- _Exercise goal_
Beginning at the line that contains "Women Velvet Ankle" and finishing at the line that contains "Grant Living Room Side Cabinet - Oak Finish", output the data below exactly. Include both end lines and no pictures.

(Data items)
▶

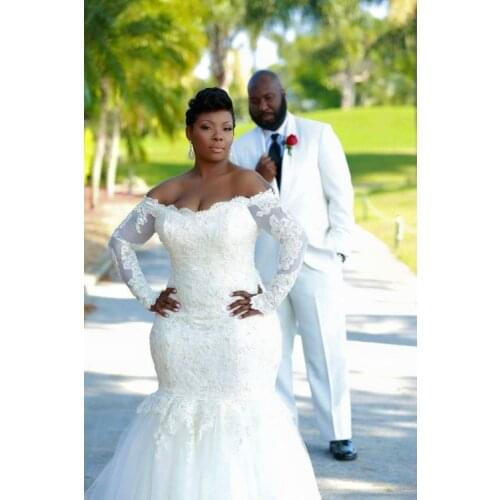 Wedding Dress 2015 Hot Sale Sweetangel Long Sleeve Off The Shoulder Plus Size Women Summer Spring Customized Bodas Bridal Gowns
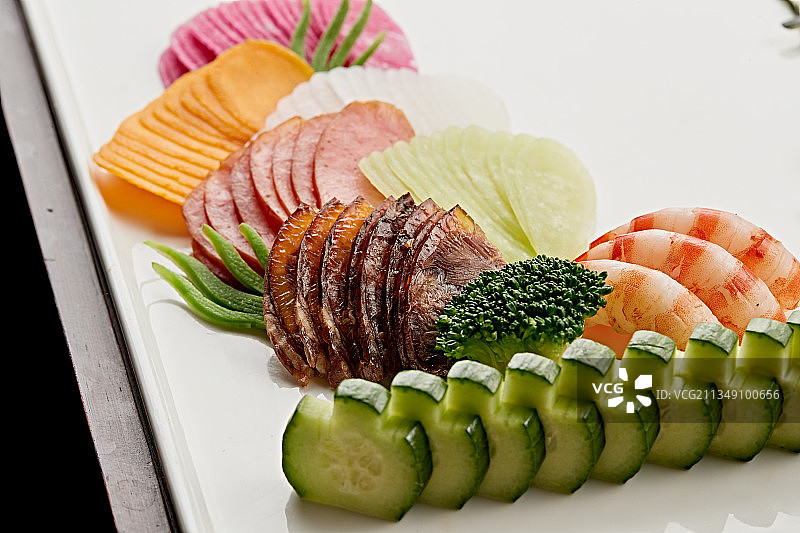 制作精美的艺术凉菜图片素材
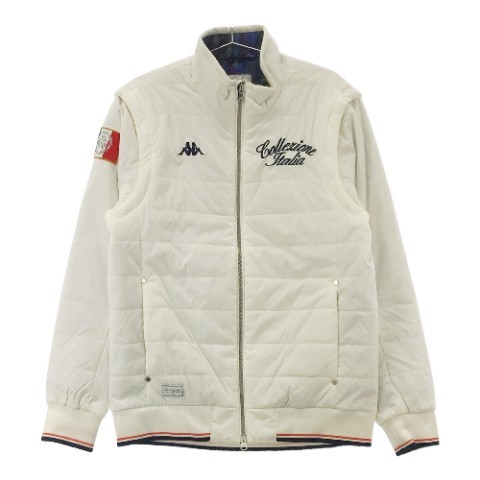 【専用】Kappa ゴルフジャケット + 2点 Kappa カッパ KAPPA GOLF(AW) カッパゴルフ 2way 中綿 ジップ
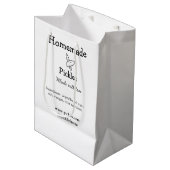 Hausgemachte Pflücke aus Liebe ergänzen Textseite Mittlere Geschenktüte (Vorderseite Schrägansicht)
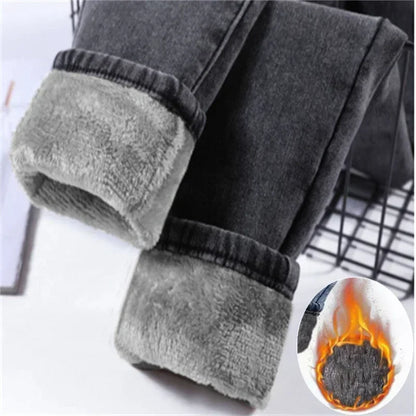 Women Velvet Ankle Length Casual Thick Pencil Pants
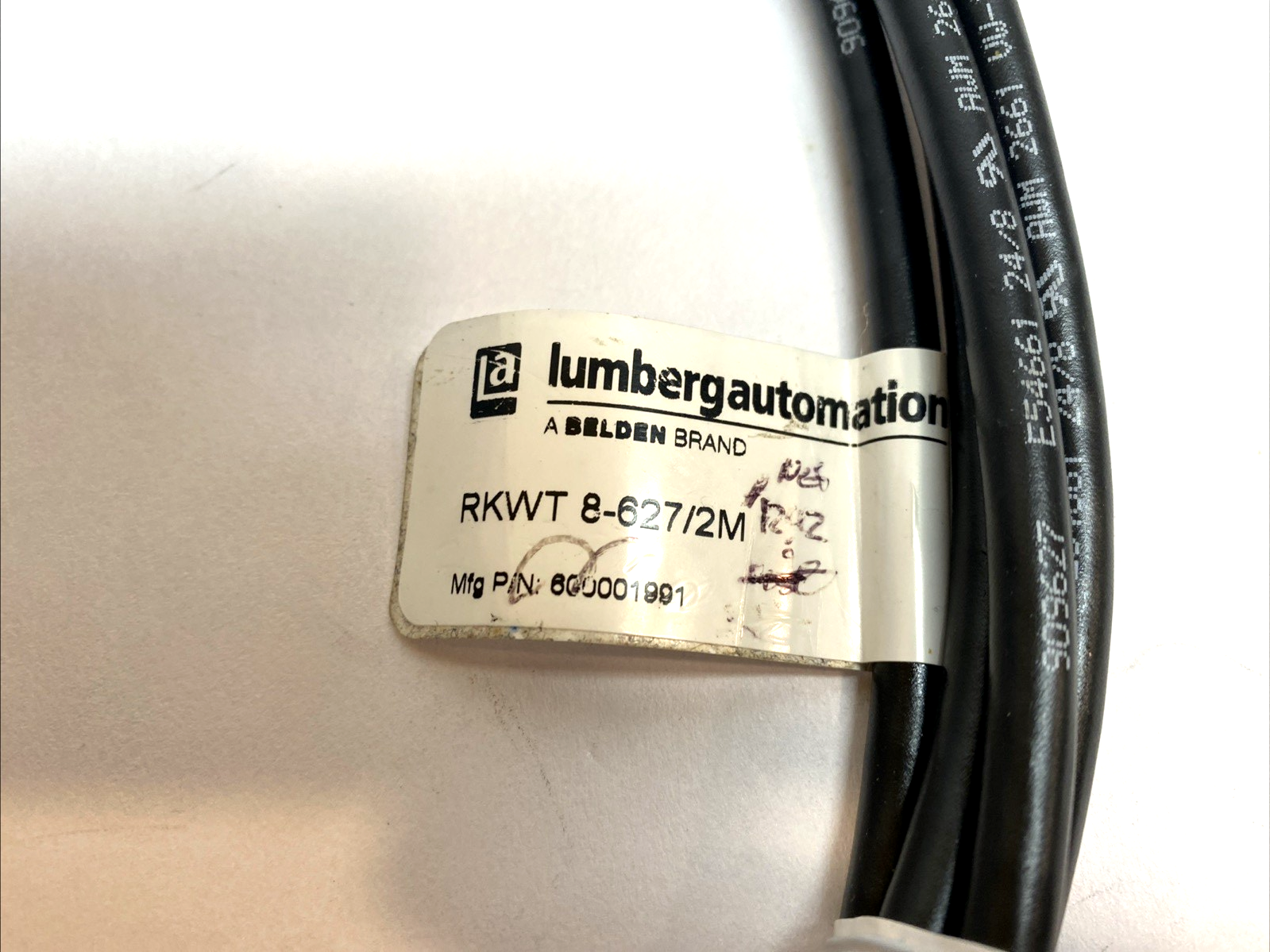 Lumberg Automation RST8RKWT86272M 8‑Pole Cordset 600002001 - Maverick Industrial Sales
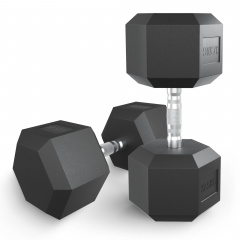 UnixFit гексагональная 37.5 кг из каталога обрезиненных гантелей в Челябинске по цене 11820 ₽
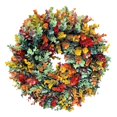 thumbnail image 3 of Large Wreath Sticker Decals For Wall Window Glass Door Holiday Self Removable Festive Art Christmas Car Wreath with Lights Christmas Candy Wreath Cardboard Heart Wreath Merry Christmas Lighted Sign, 3 of 3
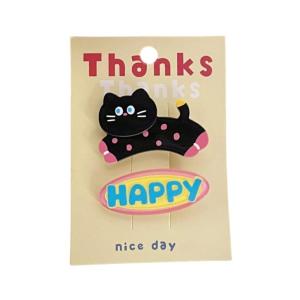 2PCS Cute Animal Hair Clip Acrylic Bang Clip for Girls Women Stylish Hair Accessories for Everyday Party Occasion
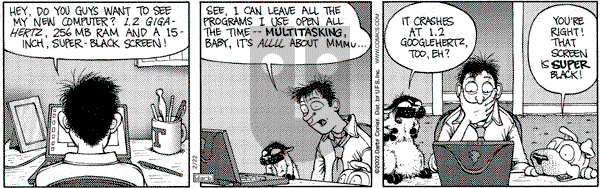 Get Fuzzy on Friday February 22, 2002 Comic Strip
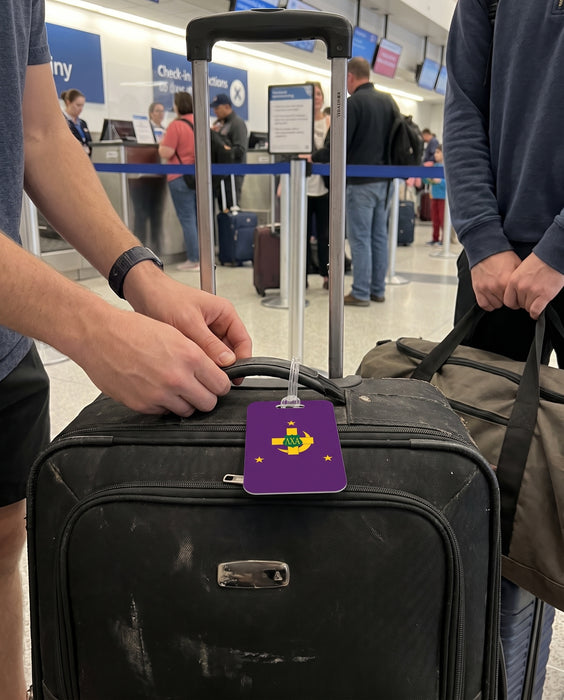 Lambda Chi Alpha Luggage Bag Tag (Rectangular) — lifestyle scene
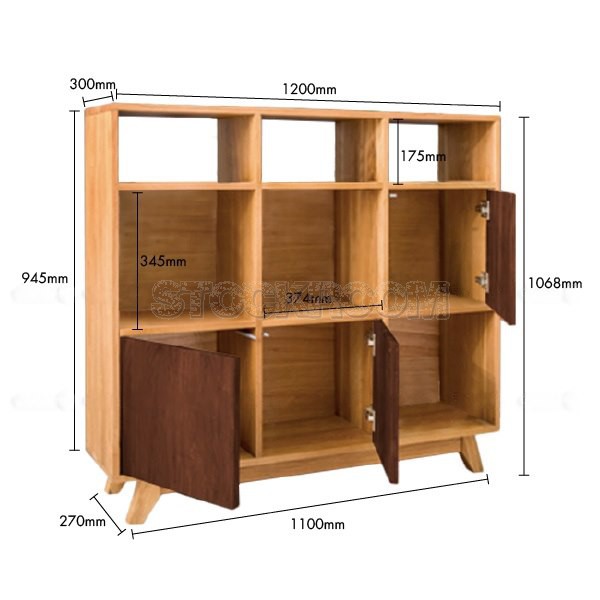 Grant Living Room Side Cabinet - Oak Finish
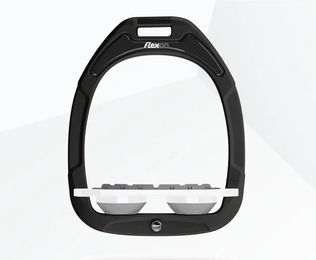 Flex-On Flat Grip Steigbügel Green Composite Grün/Weiß/Grau – Bild 1 von 1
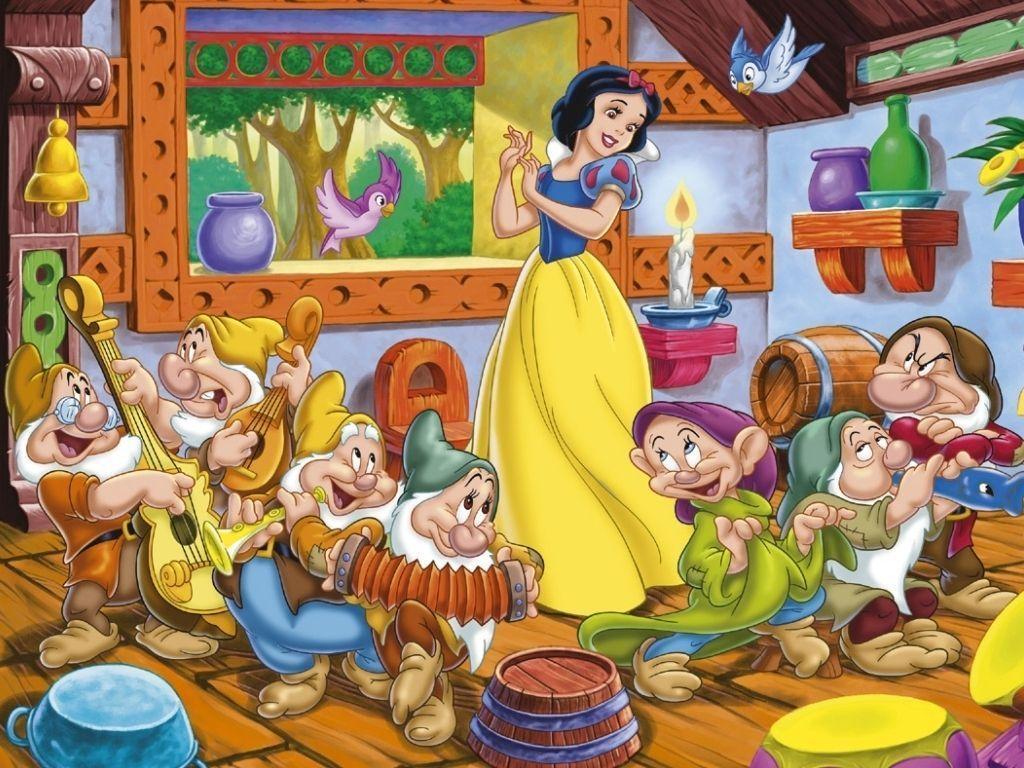 Wallpaper For > Snow White And The Seven Dwarfs Wallpaper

◀

- _Solution to the problem_
 Women Velvet Ankle Length Casual Thick Pencil Pants
 Lumberg Automation RST8RKWT86272M 8‑Pole Cordset 600002001 - Maverick Industrial Sales
 UnixFit гексагональная 37.5 кг из каталога обрезиненных гантелей в Челябинске по цене 11820 ₽
 thumbnail image 3 of Large Wreath Sticker Decals For Wall Window Glass Door Holiday Self Removable Festive Art Christmas Car Wreath with Lights Christmas Candy Wreath Cardboard Heart Wreath Merry Christmas Lighted Sign, 3 of 3
 2PCS Cute Animal Hair Clip Acrylic Bang Clip for Girls Women Stylish Hair Accessories for Everyday Party Occasion
 Get Fuzzy on Friday February 22, 2002 Comic Strip
 Lambda Chi Alpha Luggage Bag Tag (Rectangular) — lifestyle scene
 Grant Living Room Side Cabinet - Oak Finish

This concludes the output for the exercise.